Print version ISSN 0100-879XOn-line version ISSN 1414-431X

Braz J Med Biol Res vol. 32 n. 1 Ribeirão Preto Jan. 1999 

Braz J Med Biol Res, January 1999, Volume 32(1) 73-77

Pituitary glycoprotein hormone a-subunit secretion by cirrhotic patients

M.C. Oliveira1, C.B. Pizarro1, A. Cassal2, R. Cremonese1 and J.G.H. Vieira3

Departamentos de 1Endocrinologia and 2Gastroenterologia, Fundação Faculdade Federal de Ciências Médicas de Porto Alegre, Porto Alegre, RS, Brasil
Departamento de 3Endocrinologia, Escola Paulista de Medicina, Universidade Federal de São Paulo, São Paulo, SP, Brasil

down.gif (51 bytes) Abstract
Material and Methods
Correspondence and Footnotes


Secretion of the a-subunit of pituitary glycoprotein hormones usually follows the secretion of intact gonadotropins and is increased in gonadal failure and decreased in isolated gonadotropin deficiency. The aim of the present study was to determine the levels of the a-subunit in the serum of patients with cirrhosis of the liver and to compare the results obtained for eugonadal cirrhotic patients with those obtained for cirrhotic patients with hypogonadotropic hypogonadism. Forty-seven of 63 patients with cirrhosis (74.6%) presented hypogonadism (which was central in 45 cases and primary in 2), 7 were eugonadal, and 9 women were in normal menopause. The serum a-subunit was measured by the fluorimetric method using monoclonal antibodies. Cross-reactivity with LH, TSH, FSH and hCG was 6.5, 1.2, 4.3 and 1.1%, respectively, with an intra-assay coefficient of variation (CV) of less than 5% and an interassay CV of 5%, and sensitivity limit of 4 ng/l. The serum a-subunit concentration ranged from 36 to 6253 ng/l, with a median of 273 ng/l. The median was 251 ng/l for patients with central hypogonadism and 198 ng/l for eugonadal patients. The correlation between the a-subunit and basal LH levels was significant both in the total sample (r = 0.48, P<0.01) and in the cirrhotic patients with central hypogonadism (r = 0.33, P = 0.02). Among men with central hypogonadism there was a negative correlation between a-subunit levels and total testosterone levels (r = 0.54, P<0.01) as well as free testosterone levels (r = -0.53, P<0.01). In conclusion, although the a-subunit levels are correlated with LH levels, at present they cannot be used as markers for hypogonadism in patients with cirrhosis of the liver.

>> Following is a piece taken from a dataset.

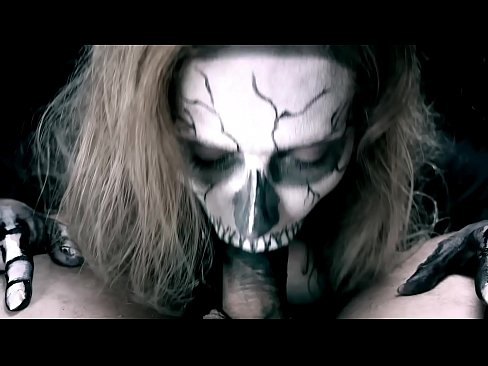 ❤️ Demoon meisie suig haan met haar swart mond en sluk cum. ❤❌ Pornovideo by porn af.hellporno-com.ru ❌️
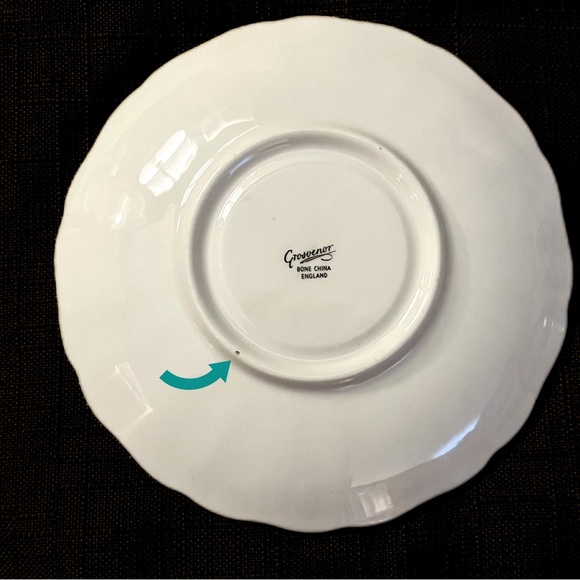 GROSVENOR tea cup & saucer Painted gold gilt scroll work large teacup England - Picture 5 of 5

Key words: a-subunit, pituitary, gonadotropins, hypogonadism, cirrhosis


The a-subunit of glycoprotein hormones, usually detected in the serum of normal individuals (1-3), has been used as a tumor marker for gonadotropin- or TSH-secreting pituitary adenomas (4), for GH-secreting tumors (4,5) and for nonsecreting pituitary tumors (3,4). The a-subunit is secreted in a pulsatile manner by the thyrotropes and by the gonadotropes (6), but especially by the latter (7). Its production is stimulated by TRH (7) and by GnRH (8) and is suppressed with the use of thyroid hormone (9) or estradiol (1,10) in the absence of nonfunctioning tumors. Regulation by GnRH is the most important one, with 90% concordance between the pulses of the a-subunit and of LH (11). This pulsatility decreases after blockage of GnRH receptors induced by their antagonist (11) and is normalized in individuals with hypogonadotropic hypogonadism treated with GnRH (12).

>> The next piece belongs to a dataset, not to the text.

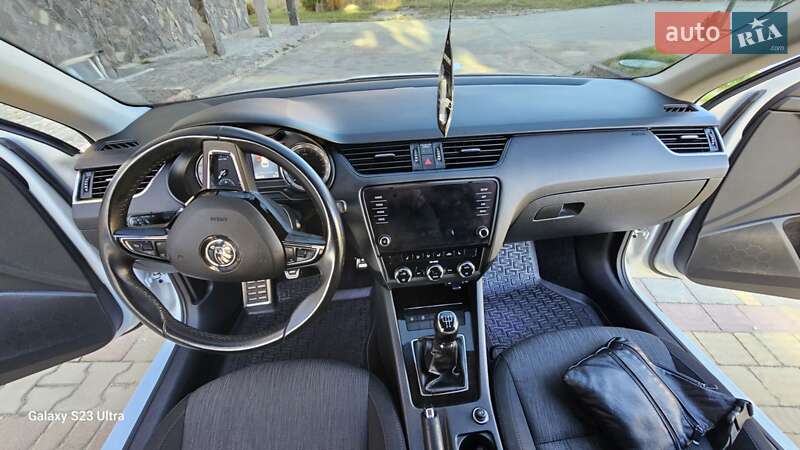 Універсал Skoda Octavia 2017 в Надвірній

In nonphysiological situations, most of the times the a-subunit oscillates according to the respective intact heterodimeric hormone, increasing in primary hypothyroidism (9,13) and in primary gonadal failure (6,10), and decreasing in hypogonadotropic hypogonadism (14,15). Dissociation between the secretion of the a-subunit and secretion of the complete hormone may occasionally occur, as observed during the use of GnRH agonists in men with glycoprotein hormone-secreting pituitary tumors, when LH is suppressed and high subunit levels are maintained (16). In patients with cirrhosis of the liver, hypogonadism is a frequent finding regardless of the etiology of the disease (17). Most of the time, despite the generalized advanced gonadal failure, gonadotropin levels are low, indicating involvement of the hypothalamus-pituitary axis. The site of this disorder is the hypothalamus since these patients do not present the usual LH pulsatility (18), since exogenous GnRH stimulates LH and FSH (19-21) and since the picture of hormonal deficiency is reversed after liver transplant (21-23). The secretory status of the a-subunit has not been established in this form of hypogonadism.

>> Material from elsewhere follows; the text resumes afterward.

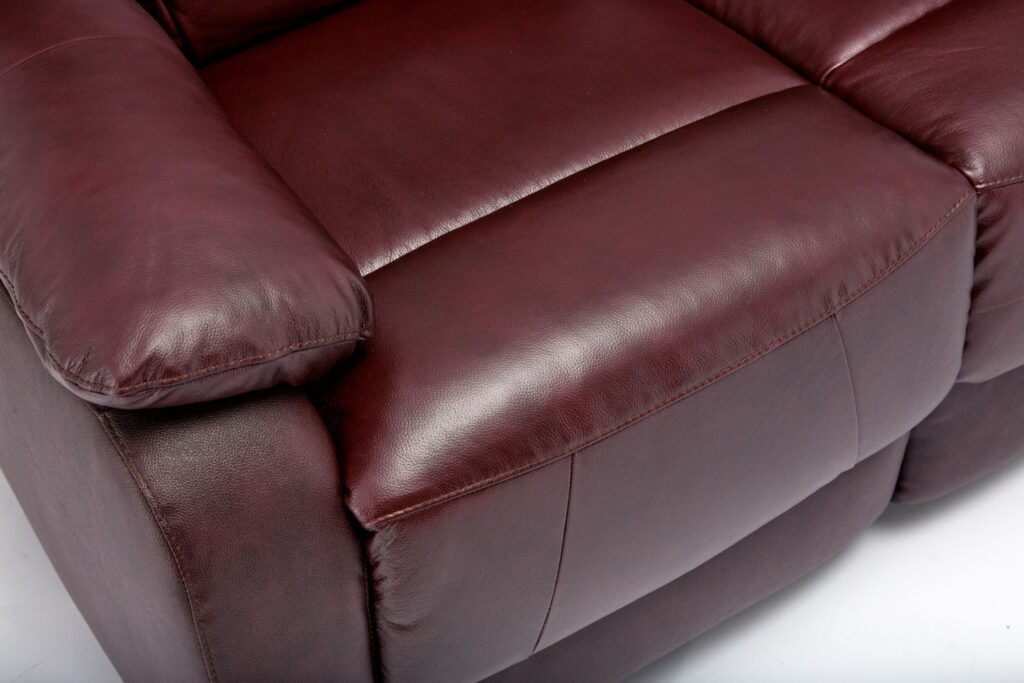 19 04 22 exclusive sofas chairs23878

The aim of the present study was to determine the a-subunit levels in the serum of patients with cirrhosis of the liver and to compare the results obtained for hypogonadal and nonhypogonadal patients.

Material and Methods

The sample consisted of 63 patients, 33 men and 30 women, average age 53 years (range: 19 to 76 years), with a clinical and/or histological diagnosis of cirrhosis of liver of different etiologies such as alcohol (N = 13), hepatitis C virus (N = 22), alcohol plus hepatitis C virus (N = 15), hepatitis B virus (N = 1), hepatitis B and C viruses (N = 2), hepatitis C virus plus sclerosing cholangitis (N = 1), primary biliary cirrhosis (N = 1), and cryptogenic cirrhosis (N = 8). The clinical diagnosis was based on a previous history or present manifestations of cirrhosis, such as portal hypertension, bleeding esophageal and gastric varices, ascites, spontaneous bacterial peritonitis, encephalopathy and coagulopathy. In 37 cases the liver biopsy confirmed hepatic cirrhosis. The severity of liver damage was evaluated in terms of Child-Pugh score, which takes into account the degree of encephalopathy and ascites, the bilirubin and albumin levels and the prothrombin time (24). All patients were euthyroid, as determined by TSH measurement. None of the patients was using hormones or drugs which could alter the gonadotropin levels.

Gonadal function was evaluated on the basis of clinical and laboratory parameters. Total (normal range = 2.8-9.8 ng/ml) and free (normal range = 12.4-40.0 pg/ml) plasma testosterone were determined by RIA and estradiol (normal range for males = up to 40 and for females = 30-150 pg/ml), LH (normal range for males = 1.3-19.8 and for females = 0.7-35.2 mIU/ml) and FSH (normal range for males = 2.0-12.8 and for females = 3.1-15.7 mIU/ml) were determined by chemiluminescence using commercial kits in our laboratory. The patients were divided into 4 groups: group 1 consisted of eugonadal patients, group 2 of amenorrheic women older than 50 years with increased basal gonadotropins (normal menopause), and group 3 and group 4 consisted of women in the fertile age with hypogonadism, e.g., presenting amenorrhea or absence of vaginal bleeding for at least 6 months and men with hypogonadism, e.g., presenting low levels of free testosterone. Hypogonadism was considered to be primary when one or both gonadotropins were increased (group 3). Group 4 was composed of patients with hypogonadism of central origin, e.g., no increase in basal gonadotropins.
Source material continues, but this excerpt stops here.